I forget that, even with the murder mystery at its heart, or the general weirdness of the show and it’s character, or the occasional dabble into pitch blackness, that Twin Peaks was also, essentially, a night time soap opera. We’re reminded of it occasionally, like when An Invitation To Love shows up on one of the character’s television sets and we remember that it’s trying to make fun of shows like Peaks. Or when we dabble in some of the cheesier love stories -- Truman and Josie, for example. Or Catherine and Ben -- nothing says soap opera like a couple of married people having an affair and hatching some kind of nefarious plot.

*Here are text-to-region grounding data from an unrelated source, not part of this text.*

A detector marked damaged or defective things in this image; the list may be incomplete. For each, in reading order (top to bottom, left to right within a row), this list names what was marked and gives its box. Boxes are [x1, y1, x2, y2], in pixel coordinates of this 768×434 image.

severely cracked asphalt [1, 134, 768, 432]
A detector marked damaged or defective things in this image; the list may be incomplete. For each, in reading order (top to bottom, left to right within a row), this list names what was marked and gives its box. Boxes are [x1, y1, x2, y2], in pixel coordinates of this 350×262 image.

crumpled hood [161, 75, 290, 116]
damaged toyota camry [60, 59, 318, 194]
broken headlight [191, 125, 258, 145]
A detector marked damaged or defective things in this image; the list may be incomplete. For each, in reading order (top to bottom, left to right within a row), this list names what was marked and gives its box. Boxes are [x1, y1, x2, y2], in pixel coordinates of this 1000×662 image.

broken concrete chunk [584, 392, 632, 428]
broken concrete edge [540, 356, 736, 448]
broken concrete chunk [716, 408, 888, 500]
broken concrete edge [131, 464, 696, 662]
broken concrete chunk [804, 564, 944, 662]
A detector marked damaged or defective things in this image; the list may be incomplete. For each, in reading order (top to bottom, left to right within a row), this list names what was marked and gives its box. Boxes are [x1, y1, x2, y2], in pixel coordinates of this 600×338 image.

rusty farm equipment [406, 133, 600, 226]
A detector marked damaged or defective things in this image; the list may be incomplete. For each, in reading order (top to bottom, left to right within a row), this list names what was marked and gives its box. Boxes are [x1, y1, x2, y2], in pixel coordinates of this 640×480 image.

And then of course soap operas are pretty well known for those cliff hangers. Way back in 1980 viewers of Dallas found themselves obsessed with the question of who shot the evil oilman J.R. Ewing.
Well, Twin Peaks doesn’t fall too far from that tree. By the end of this episode, we’re asking, “Who shot Agent Cooper?” And for people watching week by week, they’d have to wait months for the answer to that question. Thankfully I get to start a new season tomorrow. Also, I already know it was.
But that’s only the last of tonight’s cliffhangers. Let’s get to the rest of the madness!
Things get rolling quickly. As Donna and James dig about in Jacoby’s apartment (and eventually find his secret coconut with Laura’s necklace and final tape recording), Jacoby finds Maddie-as-Laura near the gazebo. But before he can confront her and find out the truth, he’s attacked by a masked assailant who beats him about the body with what looks like a rock. Jacoby has a heart attack and the assailant disappears.
Next on the cliffhangers, we have the murder of Jacques Renault. Wait, how did he get murdered!? I thought he was in Canada!
Well, you’re right, he was! But Cooper managed to gain Jacques’ trust by pretending to be friends with Leo. He offered Jacques $10,000 to do a job for him, just meet him back in the U.S. -- oh, surprise, now that you’re back in the U.S., I guess we’ll just arrest you. HAHA.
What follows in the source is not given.